Son launched himself into a treasure trail around the gardens – hunt the Christmas pudding ornaments. They were strategically placed around the trees. Win win situation – a fun activity for him meant we could enjoy strolling around the grounds without any of the normal huffing and puffing.
We listened to the barrel organ, bypassed the queue for Santa’s Grotto and headed inside the house.
The Great Hall is the only part of the building that dates back to the 1500’s. It is truly splendid – decked out in its festive finery gave it something extra special. Son quickly located Tiny Tim’s dining table and Scrooge’s nightgown warming by the fire. We were wowed by the huge stone chimney, hammerbeam roof and arched doorway. Apparently they discovered a priest hole in the Great Hall in 1949.

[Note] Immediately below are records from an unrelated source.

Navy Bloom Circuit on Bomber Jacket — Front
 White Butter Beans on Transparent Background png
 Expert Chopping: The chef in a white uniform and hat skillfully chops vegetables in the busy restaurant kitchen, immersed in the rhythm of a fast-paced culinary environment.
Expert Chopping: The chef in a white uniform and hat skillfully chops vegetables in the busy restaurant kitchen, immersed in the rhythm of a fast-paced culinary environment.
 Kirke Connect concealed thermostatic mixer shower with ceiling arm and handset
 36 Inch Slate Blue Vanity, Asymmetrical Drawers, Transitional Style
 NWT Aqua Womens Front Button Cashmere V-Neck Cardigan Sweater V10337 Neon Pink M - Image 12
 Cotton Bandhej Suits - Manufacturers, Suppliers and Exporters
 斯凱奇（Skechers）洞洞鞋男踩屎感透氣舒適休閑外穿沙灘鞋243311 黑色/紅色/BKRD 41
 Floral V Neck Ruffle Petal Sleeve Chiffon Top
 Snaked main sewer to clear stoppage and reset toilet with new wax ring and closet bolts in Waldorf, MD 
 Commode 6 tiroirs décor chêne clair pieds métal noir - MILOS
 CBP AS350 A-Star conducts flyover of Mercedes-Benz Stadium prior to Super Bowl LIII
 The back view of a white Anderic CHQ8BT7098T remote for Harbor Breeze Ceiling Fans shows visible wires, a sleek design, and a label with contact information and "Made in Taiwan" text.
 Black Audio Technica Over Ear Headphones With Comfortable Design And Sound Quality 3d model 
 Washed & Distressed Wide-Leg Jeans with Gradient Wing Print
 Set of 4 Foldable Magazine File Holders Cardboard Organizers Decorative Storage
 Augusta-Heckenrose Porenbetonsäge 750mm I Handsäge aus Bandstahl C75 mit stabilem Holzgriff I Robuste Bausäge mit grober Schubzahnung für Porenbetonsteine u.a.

Shakespeare was supposed to have appeared on the stage in the Great Hall before he was famous. They have an original free-standing wooden screen dating back to the 1500’s – maybe he got changed behind this? There is also a lot of weaponry and some suits of armour.
You are not allowed to take pictures in the “modern” part of the building, but it was all gorgeous. The dining room was set for a Christmas dinner, the study was turned into Scrooge’s office and in the parlour a lady dressed in a crinoline told children the story of A Christmas Carol.
We saw wonderful furniture, tapestries and paintings all topped off with gorgeous Christmas decorations.
We had a last stroll in the December twilight alongside the canal that runs by the house and through the gardens, admiring the building at dusk. Thankfully the resident ghosts – Queen Elizabeth I, a grey lady and a man who floats above the canal were not around that day.